The experiment was modeled on a 2013 study from Hanover, which automatically generated timeline summaries of news stories across 17 news events, and a total of 4,535 stories.
The generated disinformation was submitted to 400 unique workers at Amazon Mechanical Turk (AMT), spanning 2000 Human Intelligence Tasks (HITs). Only the propaganda-laden articles deemed accurate by the workers were included in the final version of PropaNews. Adjudication on disagreements were scored by the Worker Agreement With Aggregate (WAWA) method.
The final version of PropaNews contains 2,256 articles, balanced between fake and real output, 30% of which leverage appeal to authority, with a further 30% using loaded language. The remainder simply contains inaccurate information of the type which has largely populated prior datasets in this research field.
The data was split 1,256:500:500 across training, testing and validation distributions.
HumanNews Dataset
To evaluate the effectiveness of the trained propaganda detection routines, the researchers compiled 200 human-written news articles, including articles debunked by Politifact, and published between 2015-2020.
This data was augmented with additional debunked articles from untrustworthy news media outlets, and the sum total fact-checked by a computer science major graduate student.
The final dataset, titled HumanNews, also includes 100 articles from the Los Angeles Times.
Tests
The detection process was pitted against prior frameworks in two forms: PN-Silver, which disregards AMT annotator validation, and PN-Gold, which includes the validation as a criteria.
Competing frameworks included the 2019 offering Grover-GEN, 2020’s Fact-GEN, and FakeEvent, wherein articles from PN-Silver are substituted with documents generated by these older methods.
Variants of Grover and RoBERTa proved to be most effective when trained on the new PropaNews dataset, with the researchers concluding that ‘detectors trained on PROPANEWS perform better in identifying human-written disinformation compared to training on other datasets’.

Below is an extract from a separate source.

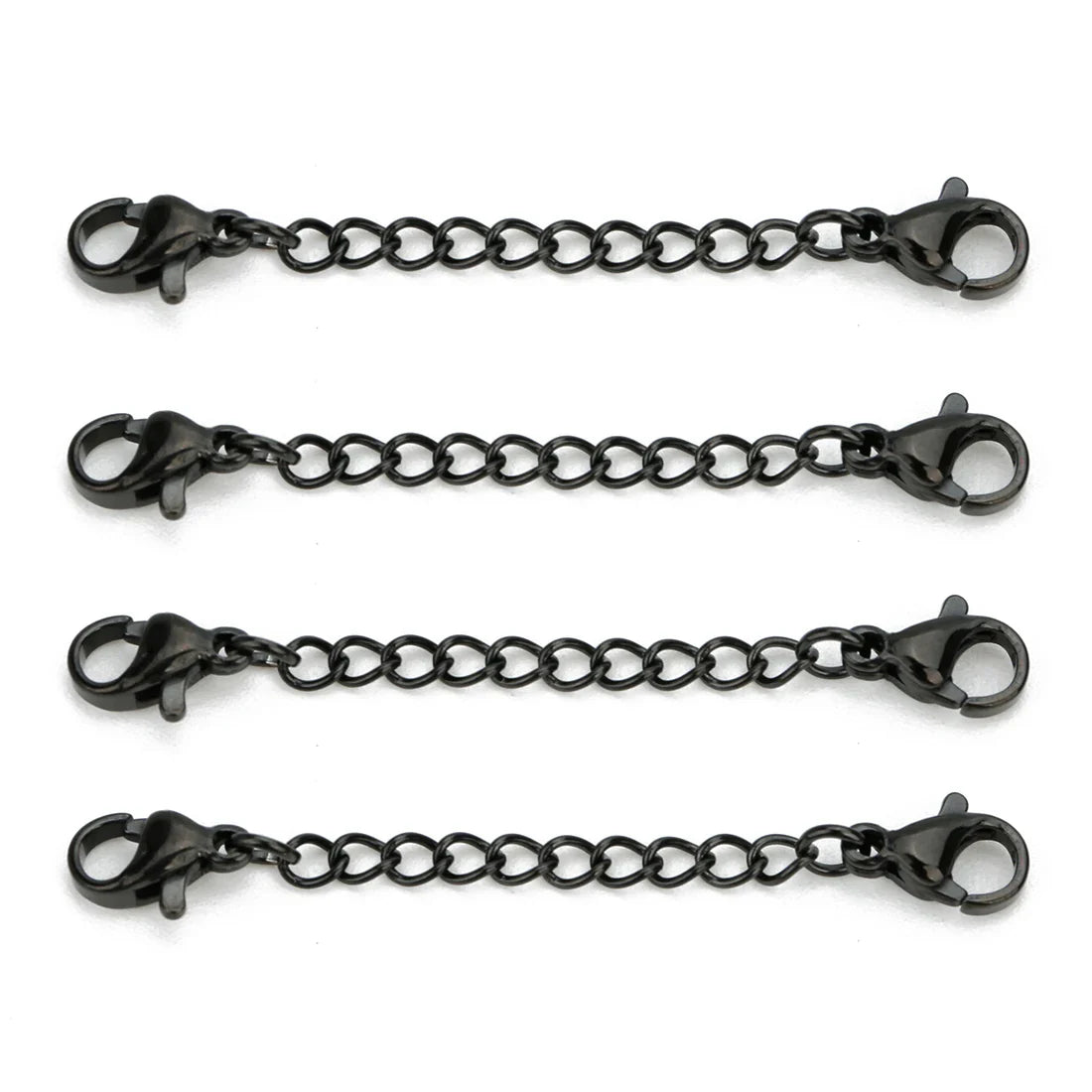 Louleur 5PCS Stainless Steel Necklace Extender Chains – Lobster Clasp Extension Tail Chains for DIY Bracelets & Jewelry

The researchers also observe that even the semi-crippled ablation dataset PN-Silver outperforms older methods on other datasets.
Out of Date?
The authors reiterate the lack of research to date regarding the automated generation and identification of propaganda-centric fake news, and warn that the use of models trained on data prior to critical events (such as COVID, or, arguably, the current situation in eastern Europe) cannot be expected to perform optimally:
‘Around 48% of the misclassified human-written disinformation are caused by the inability to acquire dynamic knowledge from new news sources. For instance, COVID-related articles are usually published after 2020, while ROBERTA was pre-trained on news articles released before 2019. It is very challenging for ROBERTA to detect disinformation of such topics unless the detector is equipped with the capabilities of acquiring dynamic knowledge from news articles.’
The authors further note that RoBERTa achieves a 69.0% accuracy for the detection of fake news articles where the material is published prior to 2019, but drops down to 51.9% accuracy when applied against news articles published after this date.
Paltering and Context
Though the study does not directly address it, it’s possible that this kind of deep dive into semantic affect could eventually address more subtle weaponization of language, such as paltering – the self-serving and selective use of truthful statements in order to obtain a desired result that may oppose the perceived spirit and intent of the supporting evidence used.
A related and slightly more developed line of research in NLP, computer vision and multimodal research is the study of context as an adjunct of meaning, where selective and self-serving reordering or re-contextualizing of true facts becomes equivalent to an attempt to evince a different reaction than the facts might ordinarily effect, had they been presented in a clearer and more linear fashion.
* My conversion of the authors’ inline citations to direct hyperlinks.